> [TASK GOAL]: Find the line containing "EXTRA LARGE 2.97CT" in the listing below. Repeat it exactly, along with each following line up to and including the one containing "Sugar Skull Sweethearts, op".

> [RAW DATA]:
= Beginning of Section =
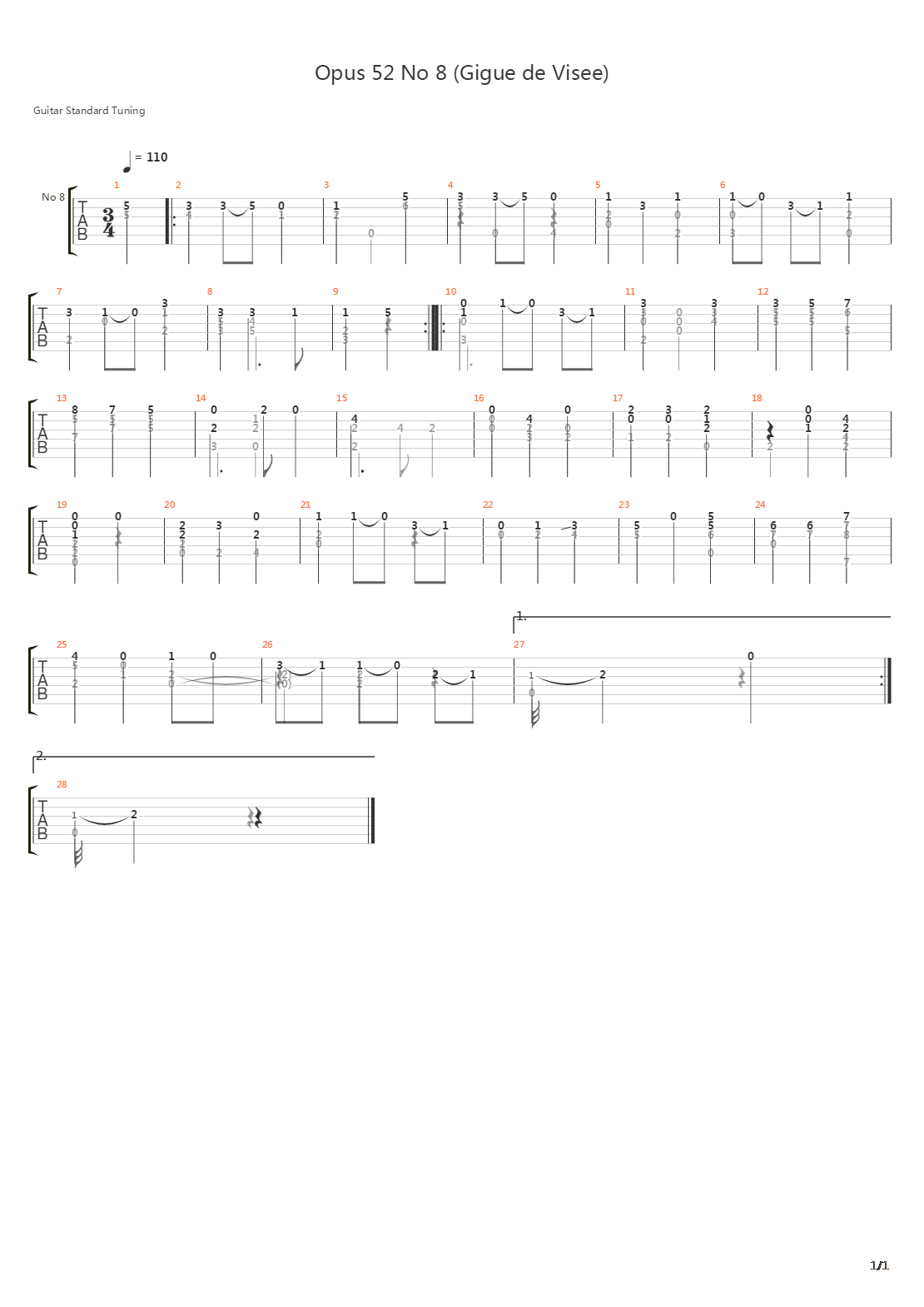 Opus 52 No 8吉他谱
= End of Section =
= Beginning of Section =
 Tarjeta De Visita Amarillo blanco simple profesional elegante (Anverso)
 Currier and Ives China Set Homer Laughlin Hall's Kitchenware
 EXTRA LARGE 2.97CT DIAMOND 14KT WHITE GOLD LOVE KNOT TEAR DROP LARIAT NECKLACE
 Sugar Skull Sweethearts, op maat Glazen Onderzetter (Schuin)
= End of Section =
= Beginning of Section =
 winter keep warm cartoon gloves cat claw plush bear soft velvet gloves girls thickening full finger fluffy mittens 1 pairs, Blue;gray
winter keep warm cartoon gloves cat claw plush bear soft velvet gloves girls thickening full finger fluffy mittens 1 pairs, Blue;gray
= End of Section =
> [RESPONSE AREA]:
 EXTRA LARGE 2.97CT DIAMOND 14KT WHITE GOLD LOVE KNOT TEAR DROP LARIAT NECKLACE
 Sugar Skull Sweethearts, op maat Glazen Onderzetter (Schuin)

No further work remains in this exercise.